I often imagined what life might have been like with a different Brian, or no brother at all. Sometimes I imagined Amber’s life, too. I liked to think she would have left Wilsonville. I don’t know what she would have done, who she would have been, but she would have existed, and that is enough.
I also think he pleaded guilty to save Mom from further scandal. Everyone I’ve talked to since then—the therapists and counselors—have all told me Brian is incapable of thinking about anyone other than himself. He’s devoid of feelings and compassion. I still don’t know if that’s true. His narcissism would have pushed him to proclaim his innocence for years, despite the piles of evidence they eventually collected. And yet he confessed for Mom. To spare her a trial.

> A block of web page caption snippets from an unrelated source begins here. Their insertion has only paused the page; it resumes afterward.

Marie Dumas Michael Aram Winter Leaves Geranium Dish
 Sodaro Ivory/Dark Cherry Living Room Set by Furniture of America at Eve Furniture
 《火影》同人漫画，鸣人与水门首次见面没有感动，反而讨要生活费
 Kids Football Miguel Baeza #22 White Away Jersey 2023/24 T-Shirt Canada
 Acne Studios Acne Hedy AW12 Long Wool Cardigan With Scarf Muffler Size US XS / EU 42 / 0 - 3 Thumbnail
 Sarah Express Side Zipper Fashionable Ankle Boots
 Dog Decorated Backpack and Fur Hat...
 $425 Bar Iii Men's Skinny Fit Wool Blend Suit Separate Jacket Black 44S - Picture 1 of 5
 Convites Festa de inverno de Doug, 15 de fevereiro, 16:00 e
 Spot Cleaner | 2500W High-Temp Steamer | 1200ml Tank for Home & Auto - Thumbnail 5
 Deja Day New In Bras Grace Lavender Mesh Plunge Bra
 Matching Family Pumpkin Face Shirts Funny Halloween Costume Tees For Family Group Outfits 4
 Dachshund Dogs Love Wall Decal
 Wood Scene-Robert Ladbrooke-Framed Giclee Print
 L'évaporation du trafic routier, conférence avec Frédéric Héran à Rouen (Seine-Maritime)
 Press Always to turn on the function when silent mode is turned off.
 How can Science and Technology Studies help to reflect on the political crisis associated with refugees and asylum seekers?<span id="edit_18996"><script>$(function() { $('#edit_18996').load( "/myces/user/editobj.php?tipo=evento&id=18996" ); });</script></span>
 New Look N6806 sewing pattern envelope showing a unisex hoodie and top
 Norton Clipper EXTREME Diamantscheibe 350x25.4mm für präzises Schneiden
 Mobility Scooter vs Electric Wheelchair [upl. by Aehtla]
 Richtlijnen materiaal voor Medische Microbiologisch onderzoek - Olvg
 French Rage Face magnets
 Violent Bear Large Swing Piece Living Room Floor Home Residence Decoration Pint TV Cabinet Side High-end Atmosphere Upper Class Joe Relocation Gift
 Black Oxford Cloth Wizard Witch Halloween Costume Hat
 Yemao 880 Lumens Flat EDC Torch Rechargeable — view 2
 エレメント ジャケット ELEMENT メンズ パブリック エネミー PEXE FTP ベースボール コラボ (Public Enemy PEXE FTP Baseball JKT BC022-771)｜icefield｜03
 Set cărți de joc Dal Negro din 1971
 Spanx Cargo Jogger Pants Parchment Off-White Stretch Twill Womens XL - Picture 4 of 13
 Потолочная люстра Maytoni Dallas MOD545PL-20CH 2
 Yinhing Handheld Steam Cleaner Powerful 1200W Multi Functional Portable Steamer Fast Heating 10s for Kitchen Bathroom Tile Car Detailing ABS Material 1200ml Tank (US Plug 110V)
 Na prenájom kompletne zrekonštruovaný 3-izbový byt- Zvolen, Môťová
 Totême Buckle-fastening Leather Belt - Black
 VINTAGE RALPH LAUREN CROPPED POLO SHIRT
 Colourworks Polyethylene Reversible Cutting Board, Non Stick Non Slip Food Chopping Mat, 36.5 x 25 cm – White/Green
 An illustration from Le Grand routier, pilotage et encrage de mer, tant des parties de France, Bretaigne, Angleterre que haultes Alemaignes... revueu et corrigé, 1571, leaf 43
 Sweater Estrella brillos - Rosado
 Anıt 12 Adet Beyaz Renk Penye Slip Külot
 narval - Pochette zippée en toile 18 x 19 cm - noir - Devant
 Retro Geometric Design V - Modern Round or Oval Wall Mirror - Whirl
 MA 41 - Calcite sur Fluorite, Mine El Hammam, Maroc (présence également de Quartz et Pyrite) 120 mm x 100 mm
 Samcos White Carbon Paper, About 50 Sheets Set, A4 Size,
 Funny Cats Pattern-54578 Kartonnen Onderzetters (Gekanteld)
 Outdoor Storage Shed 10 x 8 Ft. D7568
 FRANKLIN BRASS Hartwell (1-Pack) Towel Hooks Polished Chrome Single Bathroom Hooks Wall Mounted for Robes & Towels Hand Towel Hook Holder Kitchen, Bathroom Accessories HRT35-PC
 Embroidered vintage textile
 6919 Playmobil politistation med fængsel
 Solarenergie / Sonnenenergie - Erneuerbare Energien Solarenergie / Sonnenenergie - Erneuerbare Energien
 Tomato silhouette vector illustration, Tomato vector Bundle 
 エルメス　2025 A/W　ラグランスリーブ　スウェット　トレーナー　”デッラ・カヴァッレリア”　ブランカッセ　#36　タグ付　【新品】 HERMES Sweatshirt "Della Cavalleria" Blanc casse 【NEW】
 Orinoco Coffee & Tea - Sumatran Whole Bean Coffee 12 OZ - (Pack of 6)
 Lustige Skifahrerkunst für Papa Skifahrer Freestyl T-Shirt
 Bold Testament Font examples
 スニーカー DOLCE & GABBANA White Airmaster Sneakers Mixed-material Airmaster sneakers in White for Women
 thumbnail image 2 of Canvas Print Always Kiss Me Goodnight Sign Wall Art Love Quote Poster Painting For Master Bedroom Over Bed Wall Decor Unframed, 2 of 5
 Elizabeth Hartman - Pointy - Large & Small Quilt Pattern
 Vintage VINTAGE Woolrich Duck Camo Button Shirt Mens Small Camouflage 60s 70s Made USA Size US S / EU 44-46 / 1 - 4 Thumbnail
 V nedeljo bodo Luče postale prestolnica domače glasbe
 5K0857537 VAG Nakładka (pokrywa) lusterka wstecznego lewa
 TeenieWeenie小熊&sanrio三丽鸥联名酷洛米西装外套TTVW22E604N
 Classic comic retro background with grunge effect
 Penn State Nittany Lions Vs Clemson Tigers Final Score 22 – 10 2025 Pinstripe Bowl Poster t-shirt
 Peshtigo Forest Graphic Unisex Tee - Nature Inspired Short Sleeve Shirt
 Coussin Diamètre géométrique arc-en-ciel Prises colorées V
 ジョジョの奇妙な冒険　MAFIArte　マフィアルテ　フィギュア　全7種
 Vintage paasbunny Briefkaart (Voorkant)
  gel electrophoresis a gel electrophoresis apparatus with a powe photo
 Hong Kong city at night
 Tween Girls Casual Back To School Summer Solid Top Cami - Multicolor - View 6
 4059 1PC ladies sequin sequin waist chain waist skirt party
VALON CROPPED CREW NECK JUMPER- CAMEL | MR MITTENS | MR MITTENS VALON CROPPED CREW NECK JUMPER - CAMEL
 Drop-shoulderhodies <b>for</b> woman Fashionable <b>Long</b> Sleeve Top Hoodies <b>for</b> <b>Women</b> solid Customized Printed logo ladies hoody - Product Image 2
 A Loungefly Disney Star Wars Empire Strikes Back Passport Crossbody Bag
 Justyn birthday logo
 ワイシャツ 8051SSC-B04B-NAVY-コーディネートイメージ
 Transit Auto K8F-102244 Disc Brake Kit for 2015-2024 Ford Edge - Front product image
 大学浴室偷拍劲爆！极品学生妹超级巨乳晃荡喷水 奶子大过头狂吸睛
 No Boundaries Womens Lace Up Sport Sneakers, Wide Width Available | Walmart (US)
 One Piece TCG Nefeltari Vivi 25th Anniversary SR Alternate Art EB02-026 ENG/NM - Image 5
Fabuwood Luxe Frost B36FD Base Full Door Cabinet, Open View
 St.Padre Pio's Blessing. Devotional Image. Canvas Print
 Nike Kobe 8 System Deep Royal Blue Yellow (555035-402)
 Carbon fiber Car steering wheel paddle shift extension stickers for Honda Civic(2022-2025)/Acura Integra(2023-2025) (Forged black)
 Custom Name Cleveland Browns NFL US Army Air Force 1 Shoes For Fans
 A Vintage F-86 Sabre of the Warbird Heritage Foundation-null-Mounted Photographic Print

We do things for the people we love. That’s why I visited Brian for as long as I did. I would have been happy never seeing him again. The conversation we had in the hallway that day could have easily been our last. But out of respect for Mom, I continued to go. At least for the first few years. I never said much. I usually waited for Mom to have her conversation and only agreed to speak with Brian after she pestered me.
Eventually I stopped. All those knowledgeable people—the therapists and counselors—said it was for the best. Keeping Brian in my life would only continue my pain. I believed them on that one. I’ve never regretted not seeing him, and he finally took the hint and stopped sending letters.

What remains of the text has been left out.